Make sure the core file size is "unlimited" by running "ulimit -c unlimited" before executing SAFplus.
You can test core creation by jamming a SEGFAULT into a program by doing "kill -SEGV <process id>".
Pausing and Resuming a Thread
Sometimes a problem occurs during startup -- before you have the opportunity to attach to a process, set a breakpoint, and resume the process. In a standard application this is easy to debug because "gdb" starts up with your program "stopped". But in a high availability framework, where the SAFplus Platform starts and stops programs, this is trickier.
To debug this, 2 functions are available from "clDebugApi.h", one which "pauses" the calling thread, the other "resumes" it. The programmer adds the "pause" function to the code and recompiles. When the function is called and the global variable clDbgPauseOn (or CL_DEBUG_PAUSE environment variable) is true, the thread will output a log and block on a semaphore. The programmer can then check the logs to see if a thread was paused. If so, he goes into gdb, attaches to the process, finds the thread that is paused -- "thread apply all backtrace" ("thr a a bt") and look for a call to "pause" -- switches to that thread ("thread x"), and then debugs the thread. The programmer can even "resume" the thread by calling the clDbgResume function from gdb's prompt:
gdb> call clDbgResume()
The "pause" function is actually a macro so that the file and line from which the function was called can be passed. This information is very useful if a log is all that is provided for debugging.

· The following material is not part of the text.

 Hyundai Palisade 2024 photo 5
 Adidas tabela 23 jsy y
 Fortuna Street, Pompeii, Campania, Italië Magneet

Intercepting the Automatic Start of a Component
It is possible to run your component within a wrapper application (such as gdb or purify). When the SAFplus Platform is deployed on a target, all applications are placed in the "bin" subdirectory of the SAFplus Platform tree (for example "/root/asp/bin"). To intercept the application start for debugging purposes:
- rename your application
- create a script and name it the same as the original application name
- edit the script to add your wrapper.
- Note that you will have to start a separate window for applications that need a console (like gdb)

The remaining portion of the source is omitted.